§ MATERIALS PROVIDED:
=-=-=-=-=
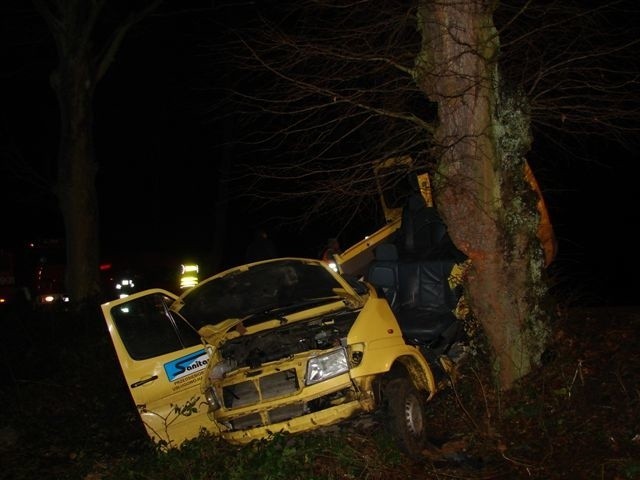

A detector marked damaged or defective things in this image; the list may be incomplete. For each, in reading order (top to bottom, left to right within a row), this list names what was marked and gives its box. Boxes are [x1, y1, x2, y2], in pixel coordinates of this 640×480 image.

shattered windshield [175, 258, 344, 334]
broken headlight [306, 344, 350, 386]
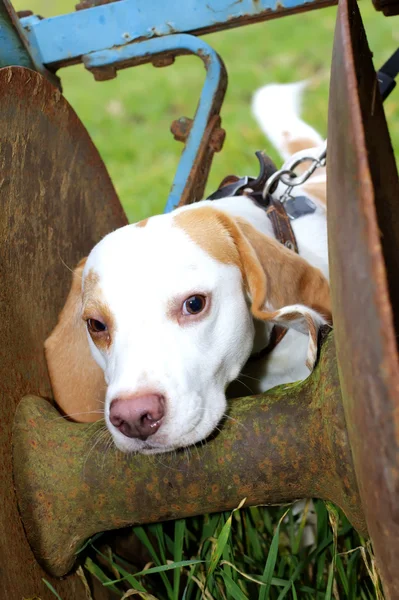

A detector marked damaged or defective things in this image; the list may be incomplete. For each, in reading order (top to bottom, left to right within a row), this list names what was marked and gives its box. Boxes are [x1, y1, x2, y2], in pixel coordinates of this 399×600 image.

rusted metal plate [0, 63, 126, 596]
rusted metal plate [14, 336, 368, 580]
rusted metal plate [328, 2, 399, 596]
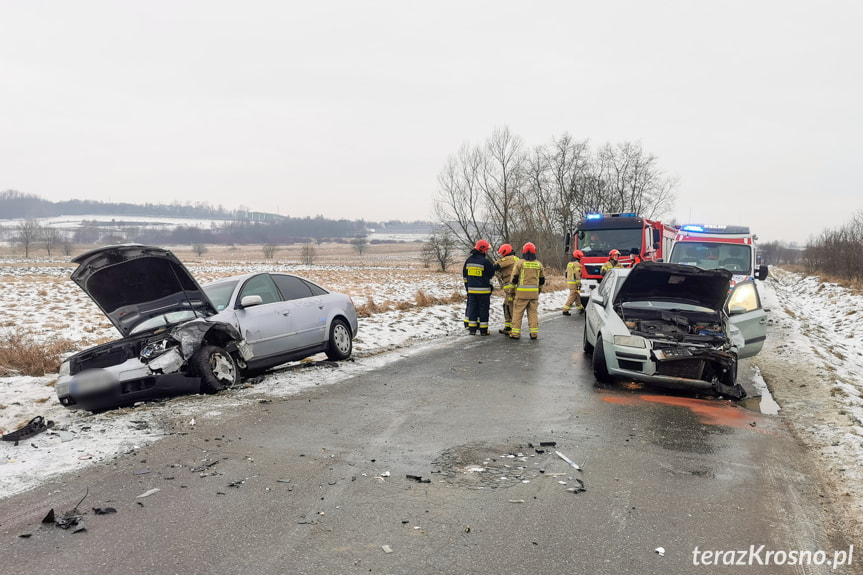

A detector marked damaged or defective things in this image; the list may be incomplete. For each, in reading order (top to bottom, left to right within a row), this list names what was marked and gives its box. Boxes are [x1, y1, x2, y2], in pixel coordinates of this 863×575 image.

damaged silver car [54, 245, 358, 412]
damaged silver car [584, 262, 768, 400]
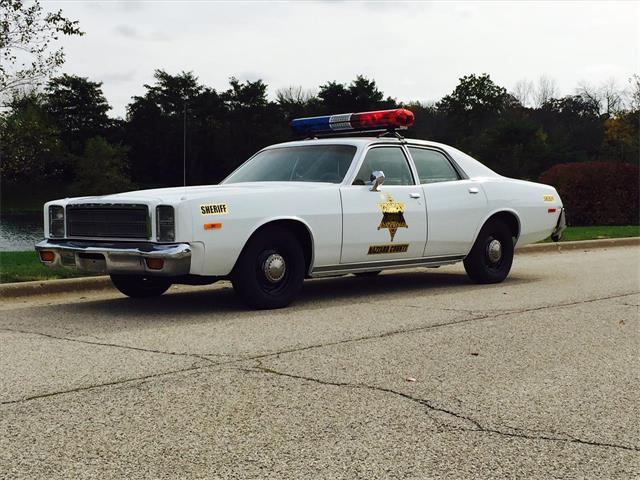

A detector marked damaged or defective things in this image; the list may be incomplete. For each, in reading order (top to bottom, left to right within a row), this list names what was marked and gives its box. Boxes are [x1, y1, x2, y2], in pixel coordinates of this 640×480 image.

road crack [242, 362, 636, 452]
=-=-=-=-=
Only the lines from the one containing "this 399×600 image." to the end of the listing belong in the answer, exactly as they stand and with no pictures.

§ WRITTEN SOLUTION:
A detector marked damaged or defective things in this image; the list may be incomplete. For each, in reading order (top to bottom, left to right within a row), this list names what was marked and gives its box. Boxes are [x1, y1, x2, y2], in pixel coordinates of this 399×600 image.

rusted metal plate [0, 63, 126, 596]
rusted metal plate [14, 336, 368, 580]
rusted metal plate [328, 2, 399, 596]

A detector marked damaged or defective things in this image; the list may be incomplete. For each, in reading order (top to bottom, left to right within a row), this list names what was marked and gives its box. Boxes are [x1, y1, x2, y2], in pixel coordinates of this 863×575 image.

damaged silver car [54, 245, 358, 412]
damaged silver car [584, 262, 768, 400]

A detector marked damaged or defective things in this image; the list may be incomplete. For each, in reading order (top to bottom, left to right within a row), this list names what was marked and gives its box. Boxes are [x1, y1, x2, y2], in pixel coordinates of this 640×480 image.

road crack [242, 362, 636, 452]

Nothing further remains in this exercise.